Çiğdem Talu ve Melih Kibar’ın ilişkisi, Türk müzik tarihinin en dokunaklı ve yaratıcı ortaklıklarından biri olarak kabul edilir. Birisi şarkı sözleri yazıyor, diğeri besteler yapıyordu, bu uyum, onları unutulmaz kılan 270 şarkıya imza atmalarını sağladı.
Çiğdem Talu, edebiyatçı bir aileden gelmesine rağmen müziğe yöneldi ve 1972’de şarkı sözü yazarlığına başladı. Melih Kibar ise kimya mühendisliği eğitimi almış, ancak müziğe olan tutkusu onu besteciliğe yönlendirmişti. 1975’te Eurovision Türkiye elemeleri için yaptığı beste, ikilinin yollarını kesiştirdi. Tanıştıkları andan itibaren müzikleri birbirini tamamladı ve aralarındaki bağ derinleşti.

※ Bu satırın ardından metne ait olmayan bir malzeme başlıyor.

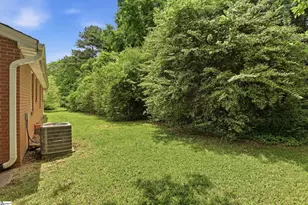 104 Shaver Dr, Mauldin, SC 29662 - Photo 19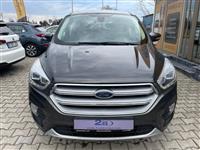 Ford İkinci El Araç Görseli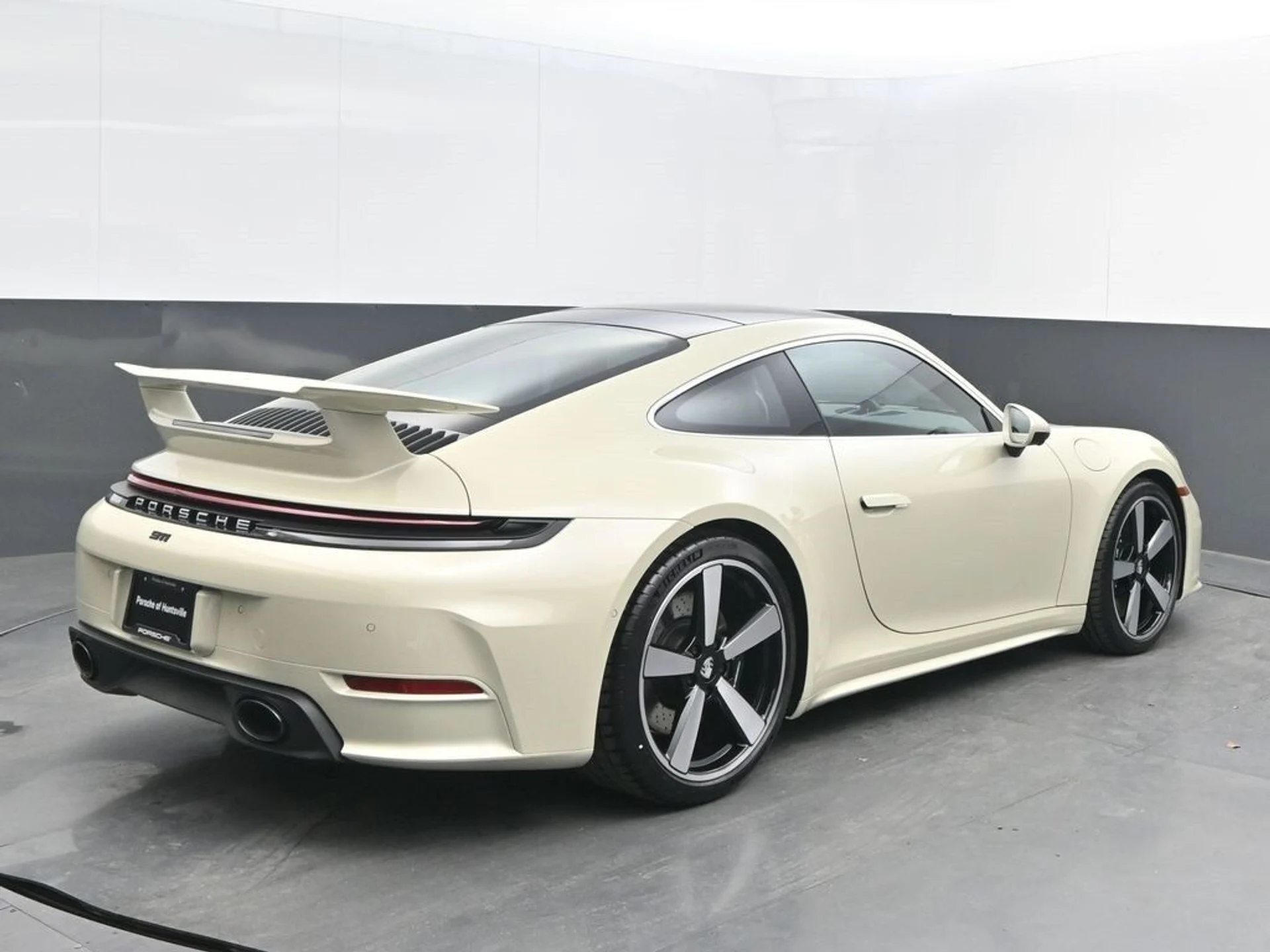 mph006_418302567_1d707660c1d388e703ca7882bfcdd066x_97414ac64c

Beraberlikleri sekiz yıl sürdü ve bu süre içinde “İşte Öyle Bir Şey”, “Sevdan Olmasa”, “Bir de Bana Sor” gibi unutulmaz eserler ortaya çıktı. Ancak bu büyük aşk, Çiğdem Talu’nun 1983’te erken yaşta vefatıyla son buldu. Melih Kibar, onun anısını yaşatmaya devam etti ve müzik dünyasında bıraktıkları iz hâlâ hissediliyor.
Çiğdem Talu ve Melih Kibar’ın ilişkisi, Türk müzik tarihinin en dokunaklı ve yaratıcı ortaklıklarından biri olarak kabul edilir. Onları bir araya getiren şey, müziğe duydukları ortak tutkuydu. Çiğdem Talu, edebiyatçı bir aileden gelen bir İngilizce öğretmeniydi; Melih Kibar ise kimya mühendisliği eğitimi almış bir besteciydi. Farklı dünyalardan gelen bu iki insan, 1975 yılında tanışarak müzikte unutulmaz bir yolculuğa çıktılar.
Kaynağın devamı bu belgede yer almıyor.